Tout ça ne signifie cependant pas que la brasserie n’a pas remarqué de baisse des ventes. La fermeture de l’Horeca a bien évidemment eu un impact. Mais, dans la région, nombre d’épiceries fines ont ouvert et cherché à vendre des produits locaux. La création d’un nouveau réseau de distribution lié à ces épiceries a aidé à compenser une partie des pertes. C’est déjà ce que me disait Stéphane de Nectar Bohème.

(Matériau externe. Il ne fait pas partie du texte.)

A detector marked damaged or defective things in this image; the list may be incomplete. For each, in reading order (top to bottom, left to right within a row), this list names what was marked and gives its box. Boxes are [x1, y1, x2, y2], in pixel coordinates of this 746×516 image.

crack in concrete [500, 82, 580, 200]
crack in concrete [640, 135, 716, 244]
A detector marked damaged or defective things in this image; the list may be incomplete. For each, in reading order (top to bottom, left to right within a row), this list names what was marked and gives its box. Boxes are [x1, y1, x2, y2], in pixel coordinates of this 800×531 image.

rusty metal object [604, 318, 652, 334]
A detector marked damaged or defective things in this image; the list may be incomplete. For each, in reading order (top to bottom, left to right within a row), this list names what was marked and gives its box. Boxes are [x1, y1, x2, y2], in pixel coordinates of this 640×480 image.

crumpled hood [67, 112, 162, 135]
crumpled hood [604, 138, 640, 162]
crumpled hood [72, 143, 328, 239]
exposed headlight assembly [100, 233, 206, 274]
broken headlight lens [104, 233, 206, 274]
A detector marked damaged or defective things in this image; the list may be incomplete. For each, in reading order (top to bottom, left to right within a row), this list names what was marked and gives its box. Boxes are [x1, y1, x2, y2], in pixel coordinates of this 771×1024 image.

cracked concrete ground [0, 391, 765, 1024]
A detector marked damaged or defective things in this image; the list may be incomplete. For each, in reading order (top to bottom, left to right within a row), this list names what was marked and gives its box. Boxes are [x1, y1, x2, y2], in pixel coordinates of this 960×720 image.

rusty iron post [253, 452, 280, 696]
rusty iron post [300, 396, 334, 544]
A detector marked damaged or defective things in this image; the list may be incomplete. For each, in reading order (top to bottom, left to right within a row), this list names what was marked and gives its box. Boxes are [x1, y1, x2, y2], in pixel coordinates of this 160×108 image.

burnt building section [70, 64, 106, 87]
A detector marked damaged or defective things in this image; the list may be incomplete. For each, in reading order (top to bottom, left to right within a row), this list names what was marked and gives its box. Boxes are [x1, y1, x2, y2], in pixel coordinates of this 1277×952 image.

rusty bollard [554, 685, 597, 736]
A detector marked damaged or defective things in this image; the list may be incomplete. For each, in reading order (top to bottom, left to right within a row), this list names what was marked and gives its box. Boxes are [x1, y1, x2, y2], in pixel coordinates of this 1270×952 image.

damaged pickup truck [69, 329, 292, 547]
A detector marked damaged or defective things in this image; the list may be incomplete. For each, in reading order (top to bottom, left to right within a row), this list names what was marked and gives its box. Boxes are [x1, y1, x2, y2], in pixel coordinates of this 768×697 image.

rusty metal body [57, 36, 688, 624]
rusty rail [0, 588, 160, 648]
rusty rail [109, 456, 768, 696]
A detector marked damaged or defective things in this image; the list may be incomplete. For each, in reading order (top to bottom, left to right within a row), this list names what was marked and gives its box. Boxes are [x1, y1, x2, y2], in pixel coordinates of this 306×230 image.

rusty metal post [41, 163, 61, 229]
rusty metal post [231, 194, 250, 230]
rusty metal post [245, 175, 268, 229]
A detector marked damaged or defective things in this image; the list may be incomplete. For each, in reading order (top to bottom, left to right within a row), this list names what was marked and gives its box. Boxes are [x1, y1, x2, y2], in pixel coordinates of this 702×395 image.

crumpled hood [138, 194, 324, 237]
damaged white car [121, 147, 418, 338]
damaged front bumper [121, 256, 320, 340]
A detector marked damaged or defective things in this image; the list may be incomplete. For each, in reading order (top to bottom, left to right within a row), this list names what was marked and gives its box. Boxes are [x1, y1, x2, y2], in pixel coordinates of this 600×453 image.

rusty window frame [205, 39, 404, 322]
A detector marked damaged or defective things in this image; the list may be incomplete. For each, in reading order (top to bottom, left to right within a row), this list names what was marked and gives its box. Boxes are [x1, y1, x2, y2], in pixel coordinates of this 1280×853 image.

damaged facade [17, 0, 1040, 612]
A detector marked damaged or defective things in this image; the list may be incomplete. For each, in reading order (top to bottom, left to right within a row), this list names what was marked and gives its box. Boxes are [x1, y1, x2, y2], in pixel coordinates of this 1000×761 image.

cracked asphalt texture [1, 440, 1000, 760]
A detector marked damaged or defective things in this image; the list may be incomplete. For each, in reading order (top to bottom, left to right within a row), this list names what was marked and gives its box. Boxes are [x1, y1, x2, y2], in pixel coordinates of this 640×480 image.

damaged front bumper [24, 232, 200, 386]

La Brasserie a aussi diversifié ses points de vente en étant présente sur une série de marchés locaux où elle n’allait pas auparavant. Elle a aussi sauté sur l’opportunité de la ville d’Ath quand celle-ci a créé une boutique en ligne ne vendant que des produits du coin. Ces différents éléments ont permis de créer une belle visibilité pour la Brasserie.
Ainsi, la Brasserie des Légendes a pu traverser cette période de Covid plus ou moins correctement. Il est évident que les aides de crise ont pu permettre de s’adapter à ces circonstances particulières. Par exemple, l’équipe en charge des visites à la brasserie a pu bénéficier du chômage Covid.
Et comme partout ailleurs, cette période a aussi été le moment d’investir dans des projets qui restaient encore dans les carton. Comme pour d’autres brasseries que j’ai interviewé (‘t Verzet, Alvinne par exemple), la pandémie a permis d’accélérer la mise en place d’un "webshop". Comme le dit Bérangère, même si on a la volonté de respecter son réseau de distribution, quand il est à ce point atteint et diminué, il faut bien continuer à vendre.
Et puis, cette période un peu plus calme a été l’occasion de se lancer dans quelques brassins exceptionnels. Il y a eu la bière à l’Eau de Villée[1]. La bière, sobrement appelée la Villée, existait. Mais la brasserie a souhaité lui donner une nouvelle image, plus dynamique, plus jeune. On a donc changé la recette (dorénavant plus une Weisse qu’une blanche) et changé la bouteille (plus de verre mais de l’aluminium). Vous l’avez goûtée ?
Ensuite, il y a aussi eu la collaboration avec la Brasserie De Ranke. Comme me le disait Nino, cette bière est le résultat du mariage évident de deux savoir-faire au centre de la bière : d’un côté les fleurs de houblon et de l’autre l’orge. Je rebondis sur ceci pour poser une dernière question. La pandémie a-t-elle eu un impact sur la ferme céréalière des Légendes ? Comment l’entreprise a-t-elle pu gérer la baisse de production côté brasserie et la vie normale de la ferme ?
Bérangère me rassure : la pandémie n’a pas vraiment eu d’impact sur la ferme. Les grains non-utilisés ont simplement été stockés. Comme la brasserie fait transformer ses céréales à la Malterie du Château à Beloeil (on reste en circuit court), il a suffi de continuer à faire malter en fonction des besoins de la brasserie. Par contre, à partir du moment où les mesures sanitaires ont diminué et où tout le secteur brassicole à recommencer à produire presque normalement, la brasserie a constaté des délais de torréfaction de plus en plus longs. Le temps, sans doute, que toute la chaîne se remettre en marche normalement.
Je quitte Bérangère qui part en clientèle avant de faire comme le reste de ses collègues et prendre quelques jours de repos. Moi, je profite de l’ombre offerte par le splendide bâtiment de la Brasserie – écologique qui plus est – pour pique-niquer avant de me mettre en route vers la gare de Ath et de rentrer chez moi.
La Brasserie des Légendes était la dernière étape sur ma route des brasseries de l’été 2021. Qui sait ce que l’été 2022 apportera ?
[1] Si vous ne le savez pas, la Brasserie des Légendes a racheté en 2019 la distillerie de Biercée.